In 1999 this was utterly revolutionary. There were no stitches needed at all, the usual 14 days needed to recover from stripping disappeared and patients went back to work the following day, and the end cosmetic result was fantastic as the tiny scars were too small to be seen once they had healed.

These results and advantages were widely publicised and endovenous surgery really started to spread through the UK and the rest of the world through the end of the 1990s and early 2000’s.

By the time Mark Whiteley was in the Telegraph in 2000, the medical community was starting to take notice of this new way of treating veins.

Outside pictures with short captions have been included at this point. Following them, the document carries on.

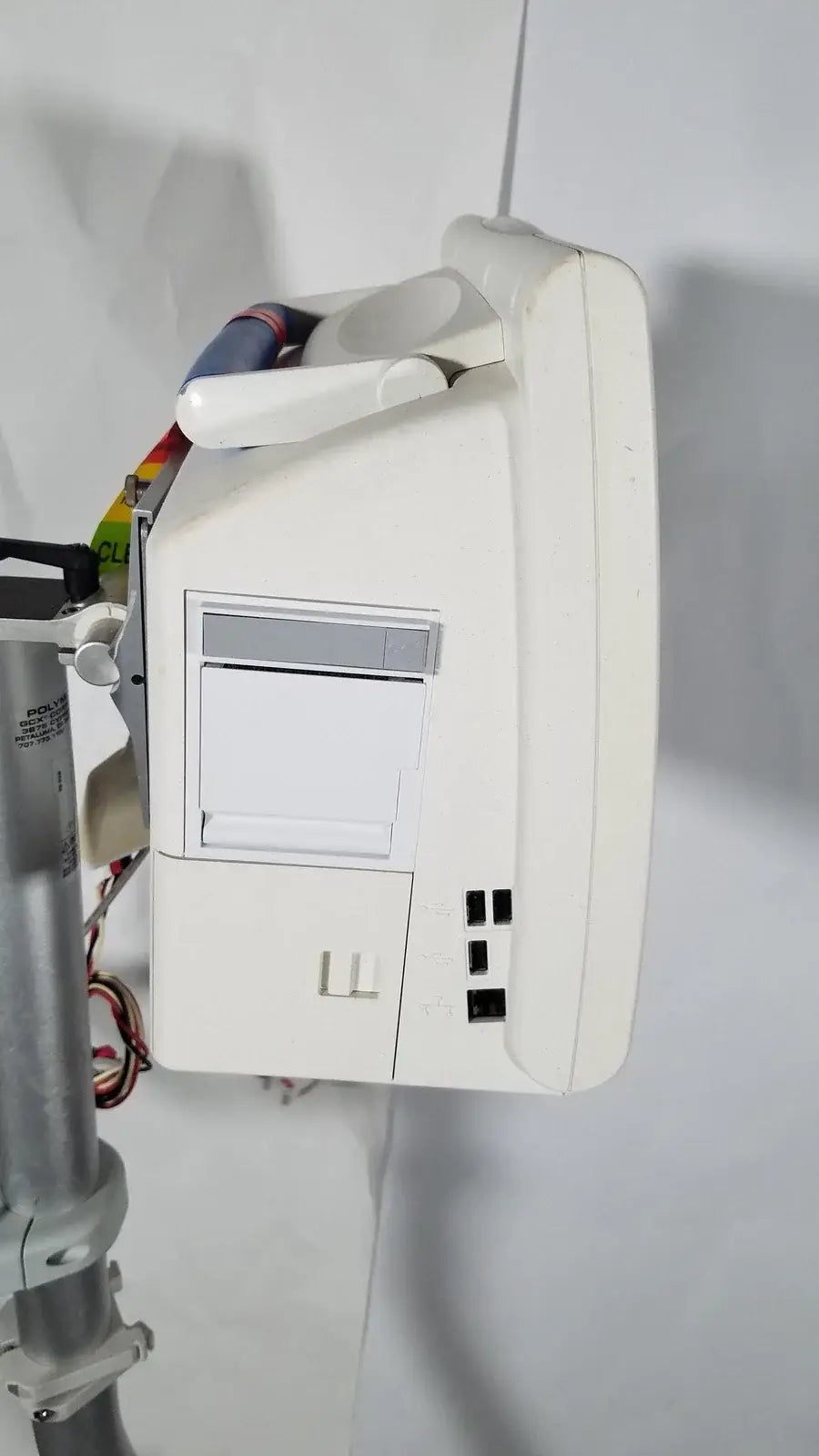 White spacelabs SL 91369 Ultraview patient monitor with integrated control panel and rolling stand medical equipment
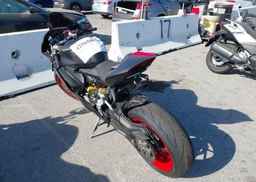 2022 DUCATI PANIGALE V2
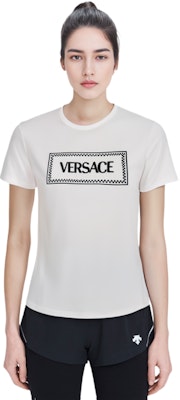 (Women) VERSACE SS23 White Crewneck T-Shirt with Solid Color Embroidered Logo 1011882-1A08573-2W020 Purchase (Women) VERSACE SS23 White Crewneck T-Shirt with Solid Color Embroidered Logo 1011882-1A08573-2W020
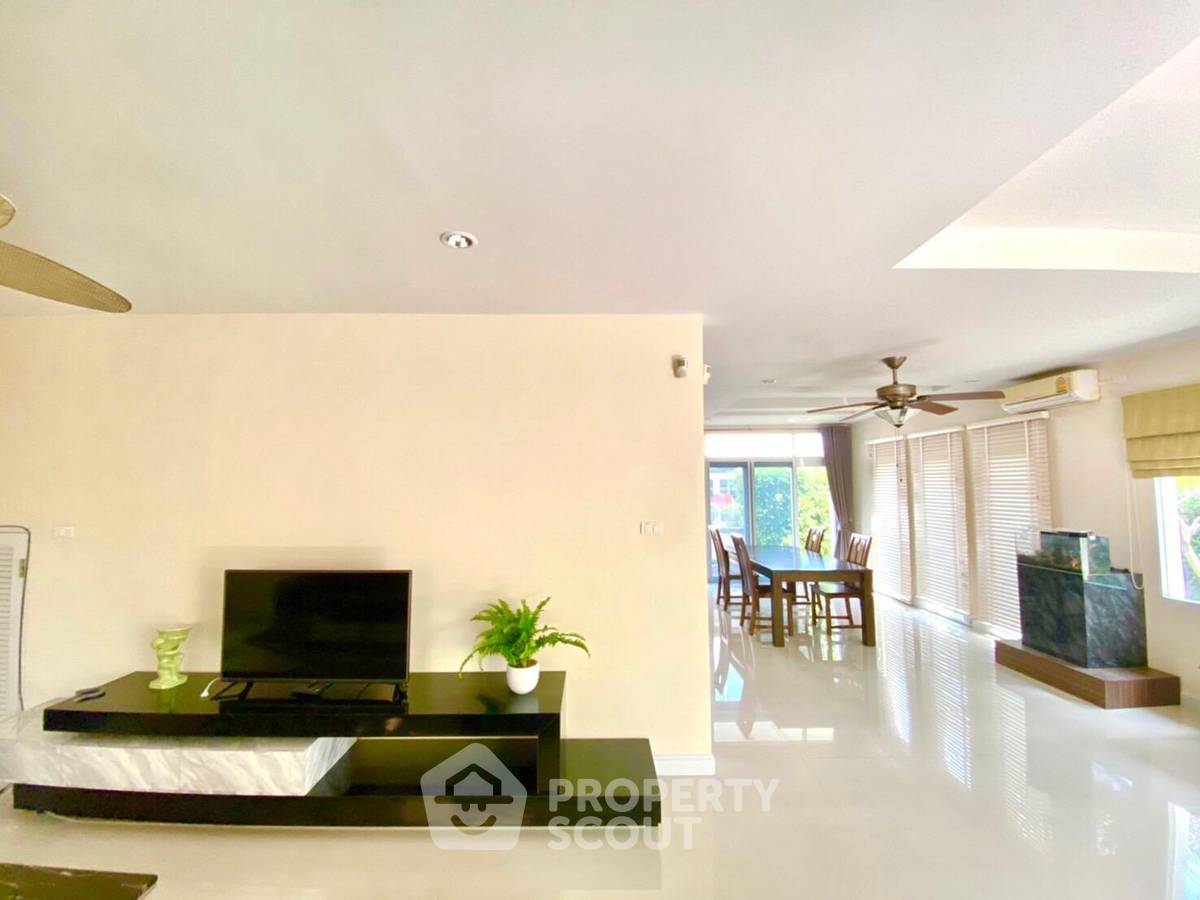 รูป บ้าน 3-ห้องนอน ใน สุรศักดิ์ (ID 1856938) - รูปที่ 6/38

By then Mark and Judy had established The Whiteley Clinic and had developed the research ethos that has kept The Whiteley Clinic at the forefront of vein surgery and developments of endovenous techniques ever since.

Although it was clear that the pain was considerably less and patients return to work considerably faster, and the cosmetic result is far better, it wasn’t until about five years later that it also became clear that the process of heating the vein also reduces the risk of the veins growing back. One of the problems with varicose veins is that they have always come back after treatment, a process called “recurrent varicose veins”.

The Whiteley Clinic research team won a research prize in 2005 which was then published in 2007 showing that when veins are stripped away, the bruising causes the veins to grow back again. When they grow back, they never have valves in them and so they are always varicose veins. Hence the very process of stripping the veins away caused recurrence in the majority of cases.

We package all of this research knowledge into The Whiteley Protocol® ensuring that all of our doctors, vascular technologists and nurses have a protocol to work to, to ensure that all the patients coming to the The Whiteley Clinic in the very best treatment that is currently available and possible.

It is amazing to see how vein surgery has changed in the 17 years since our first case of VNUS Closure!